In einem kolonisierten Gebi­et hinge­gen, erset­zen bzw. ver­drän­gen die Neuankömm­linge die ursprünglichen Bewohn­er nicht nur aus Führungspo­si­tio­nen, son­dern ver­drän­gen expliz­it die gesamte Bevölkerung. Sie eignen sich nicht „nur“ Prof­ite und Arbeit­skraft an, son­dern set­zen ihre eigene Lebensweise als einzig akzept­able durch – gegen jeden Wider­stand der ursprünglichen Bewohn­er.

Dabei entste­ht ein grund­sät­zlich­es Ungle­ichgewicht zwis­chen den bei­den Grup­pen, das eine Gruppe „Nor­mal­isiert“ und die andere fast schon als his­torisches Arte­fakt objek­tiviert. So schreibt Christ­not:

In a col­o­nized soci­ety, if I dig up a colonizer’s Great-Grand­moth­er and steal her pos­ses­sions and bones, it’s a crime. But if a col­o­niz­er digs up and steals from my Great-Grand­moth­er, it’s sci­ence.

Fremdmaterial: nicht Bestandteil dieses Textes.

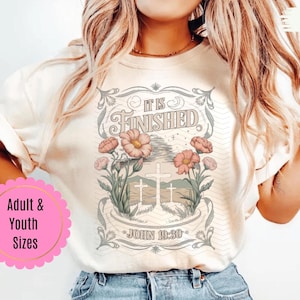 May include: Ivory-colored t-shirt featuring a floral and cross design. The graphic includes the text "IT IS FINISHED" and "JOHN 19:30". The shirt is a relaxed fit and is paired with blue jeans.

Auch in der Geschichtss­chrei­bung zeigt sich dieses Macht­ge­fälle, weil es die Geschichte der First Nations auss­chließlich als einen Aspekt der Geschichte der Vere­inigten Staat­en ver­ste­ht und nur aus dieser Per­spek­tive betra­chtet. Eine eigen­ständi­ge Unter­suchung ihrer Geschichte find­et kaum statt:

The his­to­ries of oth­er eth­nic or racial groups are taught only as they inter­act with the White pop­u­la­tions

Eine „Dekolonisierung“ ist deshalb erst mal darauf angewiesen, die verz­er­rte und ein­seit­ige Geschichtss­chrei­bung zu kor­rigieren. Sie muss die Geschichte der Kolonisierten als eigen­ständig begreifen und die Geschichte der Kolonis­ten voll­ständig erzählen. Ger­ade let­ztere darf nicht verk­lärt wer­den, son­dern muss die Gräueltat­en und die Ver­drän­gung ehrlich benen­nen:

Decol­o­niz­ing begins with replac­ing the lies with accu­rate infor­ma­tion about our nation’s past—warts and all—and cen­ter­ing it on the land we live on, not Europe.

Dabei spricht Christ­not auch einen Punkt an, den ich schon bei David Grae­ber sehr ein­drück­lich fand: Die europäis­chen Kolonis­ten bracht­en keineswegs fortschrit­tliche Werte von Frei­heit mit, son­dern eine Kul­tur der Kon­trolle und der Oppres­sion. Damit ver­drängten sie auch Werte, die wir heute als beson­ders mod­ern wahrnehmen, die aber z. B. bei den First Nations vor der Kolonisierung fest etabliert waren:

Our own his­to­ry has been warped by col­o­niza­tion to intro­duce for­eign con­cepts of patri­archy, patri­lin­eal pow­er, misog­y­ny, homo­pho­bia, trans­pho­bia, sub­ju­ga­tion of oth­er races, and a cul­ture based on acqui­si­tion instead of sub­sis­tence. […] Same-sex and same-gen­der unions equal to any oth­er union exist­ed far longer in this land before col­o­niz­er laws attacked their right to exist. A trans­gen­der per­son is a bless­ing from Creator—an insight­ful and unit­ing bridge between the gen­ders.

Wie immer gilt für uns Europäer*innen und einge­wan­derte US-Amerikaner*innen an dieser Stelle: zuhören, zuhören, zuhören.